Talvez na evidência mais clara, até agora, do potencial do carregamento sem fio para carros de passeio, o chefe de design da Tesla, Franz von Holzhausen, confirmou em dezembro que a empresa está buscando sua própria versão da tecnologia:

— Estamos trabalhando no carregamento indutivo, para que você nem precise conectar algo, basta entrar na sua garagem, dirigir sobre a almofada e ela estará carregando — disse von Holzhausen durante uma aparição na série do YouTube “Jay Leno’s Garage”.

O voto de confiança da Tesla também está despertando o interesse de outras montadoras.

— Esse é o maior sinal. Até então, o carregamento sem fio ainda era considerado uma tecnologia marginal.
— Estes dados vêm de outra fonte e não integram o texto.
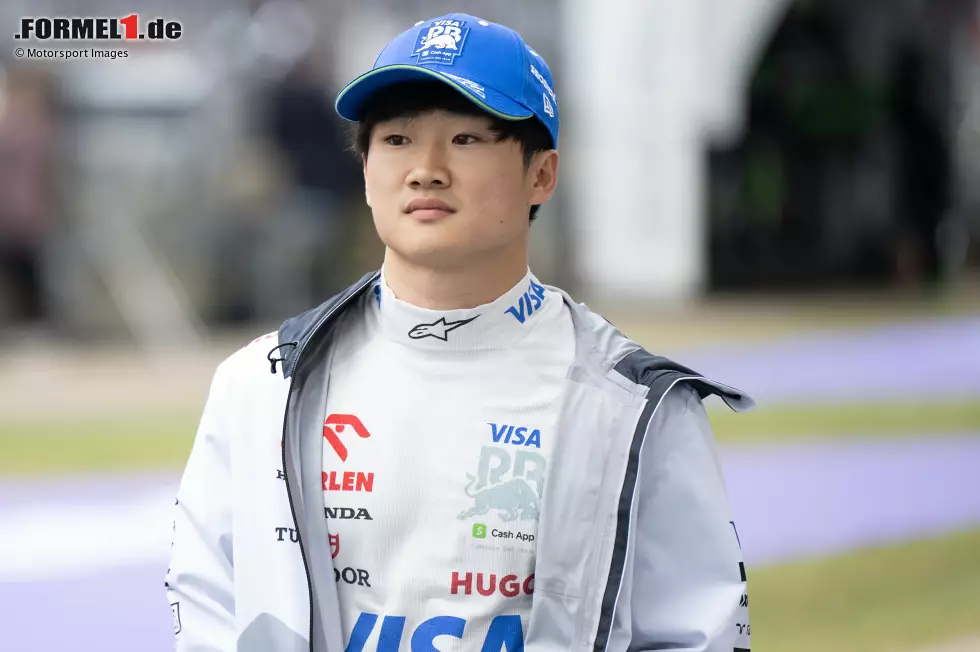 Yuki Tsunoda (Redaktion: 3) - Das sehen wir auch so, wobei zur Wahrheit auch gehört, dass er den Punkt nur abgestaubt hat. Wenn Russell nicht ausfällt oder Ferrari die Strategie von Leclerc nicht in den Sand setzt, fährt er an diesem Wochenende ohne Zähler nach Hause. Trotzdem eine solide Leistung. Foto zur News: Yuki Tsunoda (Redaktion: 3) - Das sehen wir auch so, wobei zur Wahrheit auch gehört, dass er den Punkt nur abgestaubt hat. Wenn Russell nicht ausfällt oder Ferrari die Strategie von Leclerc nicht in den Sand setzt, fährt er an diesem Wochenende ohne Zähler nach Hause. Trotzdem eine solide Leistung.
Agora é uma tecnologia de tendência — ressaltou McCool, CEO da HEVO.

Carregador de veículos elétricos sem fio fabricado pela HEVO, sediada no Brooklyn — Foto: Divulgação/HEVO

A padronização também pode ajudar a impulsionar a adoção. Em 2022, a SAE International — uma associação de engenheiros e especialistas em transporte técnico — finalizou o primeiro padrão para carregamento sem fio estacionário para veículos leves, uma categoria que inclui carros de passeio. O padrão abrange tudo, desde a velocidade de carregamento segura (até 11 quilowatts) até a interoperabilidade e o desempenho.

Verbas federais

Por enquanto, a grande maioria dos investimentos ainda está sendo destinada aos carregadores tradicionais de veículos elétricos, embora os legisladores federais e estaduais dos EUA estejam pressionando por subsídios para expandir o carregamento sem fio.

Atualmente, os EUA têm mais de 9 mil estações públicas de carregamento rápido e mais de 53 mil estações de Nível 2, de acordo com o Departamento de Energia dos Estados Unidos (DOE). Espera-se que mais estações entrem em operação à medida que os estados começarem a aplicar US$ 5 bilhões em verbas federais.

Mas os especialistas dizem que os futuros desenvolvimentos na tecnologia automotiva – especialmente a direção autônoma – podem fortalecer o argumento a favor do carregamento sem fio. A Society of Automotive Engineers (SAE) está trabalhando atualmente em um método padrão para alinhar os veículos com as bases de recarga, o que se mostrará particularmente crítico quando os carros começarem a dirigir e estacionar sozinhos.

Carregamento bidirecional e com carro em movimento

Ligar um veículo elétrico em uma base também não é a última fronteira do carregamento. A SAE planeja atualizar seu padrão de veículos leves para incluir o carregamento bidirecional, que permite que um carro forneça energia de volta à rede. Gruzen diz que a próxima geração de componentes de carregamento sem fio da WiTricity será bidirecional, e ele espera começar a vendê-los para as montadoras ainda este ano.

A SAE também está desenvolvendo diretrizes técnicas para o que é conhecido como “carregamento indutivo dinâmico”, ou seja, carregar sem um plug quando um veículo está em movimento. Essa tecnologia, que poderia transformar as próprias ruas em pontos de recarga, ainda está em seus primórdios.

A Electreon, uma empresa israelense, testou o carregamento dinâmico em um trecho de 400 metros de uma estrada em Detroit no ano passado. No início deste mês, a Stellantis disse que seu Chrysler Halcyon Concept EV, previsto para produção em 2028, viria equipado com capacidade de carregamento dinâmico sem fio.